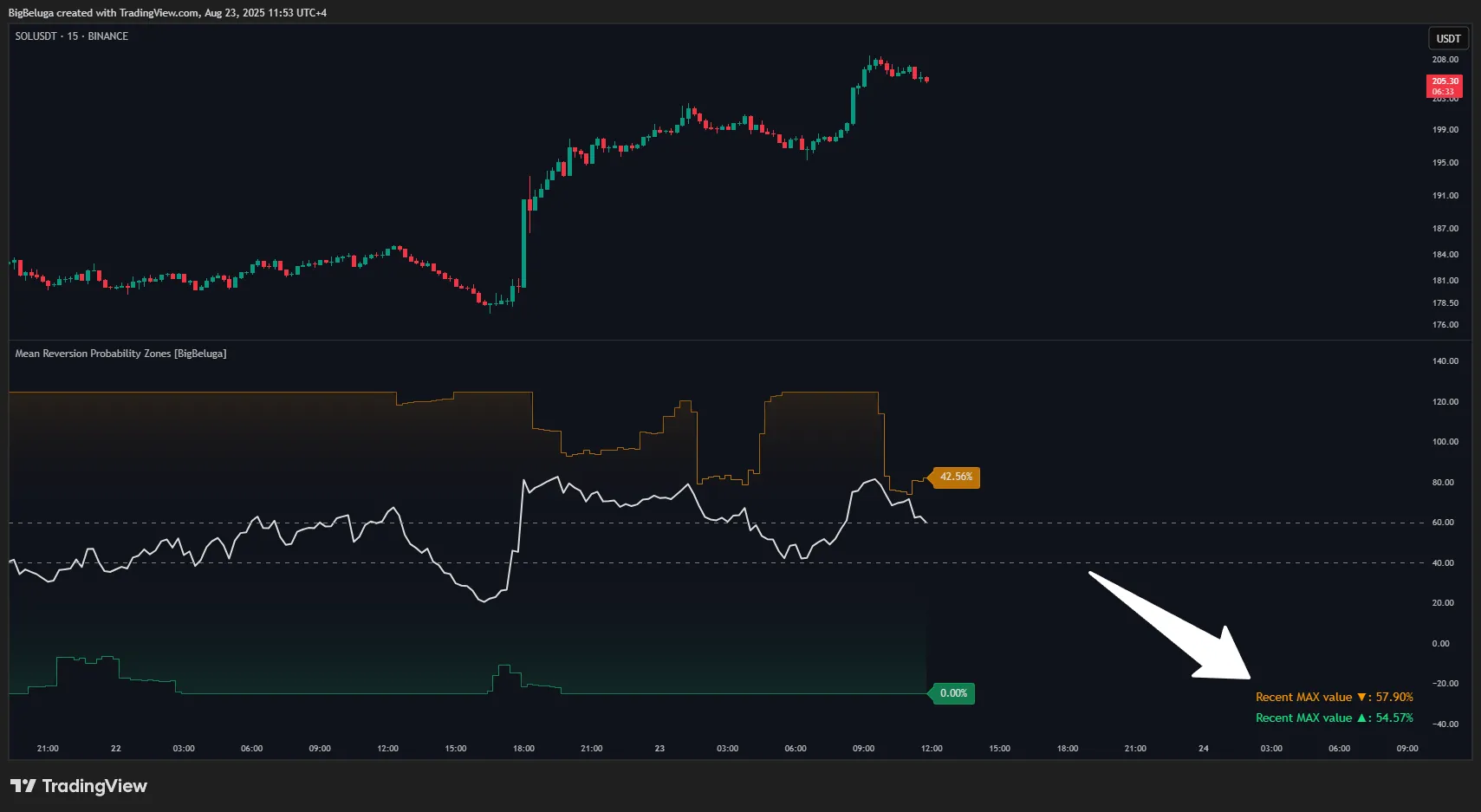 اندیکاتور Mean Reversion Probability Zones چیست و چگونه کار می‌کند؟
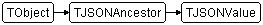 TJSONValue
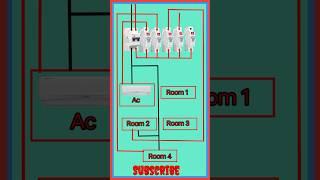 MCB box wiring connection kaise kare #electrical #wiring #shortsfeed #shorts #electricboykaif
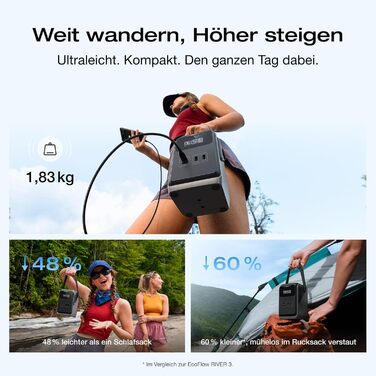 Портативна зарядна станція ECOFLOW TRAIL 200 DC 192 Втгод, надлегкий акумулятор LFP з ручкою, сонячний генератор 220 Вт, швидка зарядка 80 за 57 хв, 4 виходи, ударостійка, для використання на вулиці, кемпінгу, подорожей, надзвичайних ситуацій
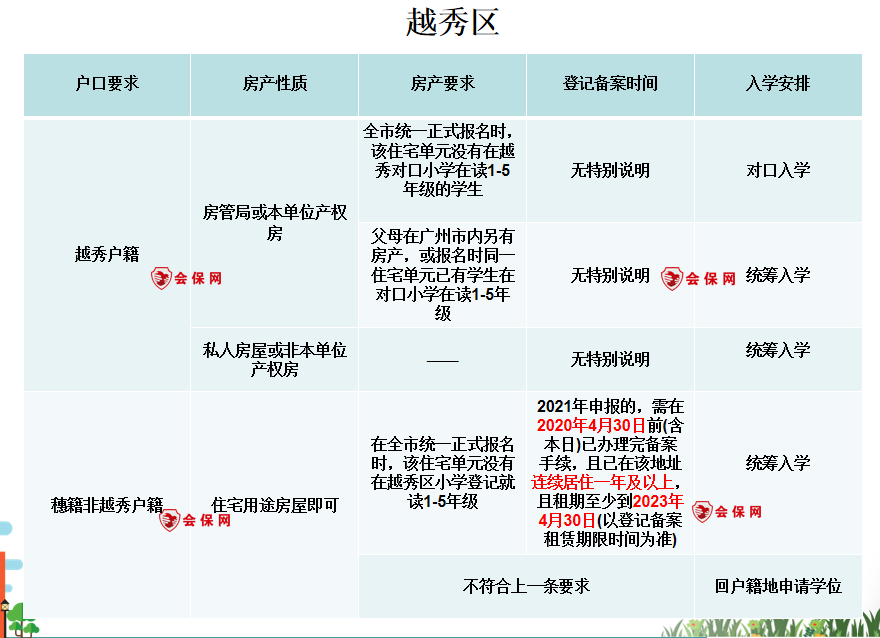 广州最新教育规定重塑公平与质量保障，上学规定出炉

####################

■ **Exercise aim**
Copy the listing word for word, excluding its pictures.

■ **Output below**
 اندیکاتور Mean Reversion Probability Zones چیست و چگونه کار می‌کند؟
 TJSONValue
 MCB box wiring connection kaise kare #electrical #wiring #shortsfeed #shorts #electricboykaif
 Портативна зарядна станція ECOFLOW TRAIL 200 DC 192 Втгод, надлегкий акумулятор LFP з ручкою, сонячний генератор 220 Вт, швидка зарядка 80 за 57 хв, 4 виходи, ударостійка, для використання на вулиці, кемпінгу, подорожей, надзвичайних ситуацій
 广州最新教育规定重塑公平与质量保障，上学规定出炉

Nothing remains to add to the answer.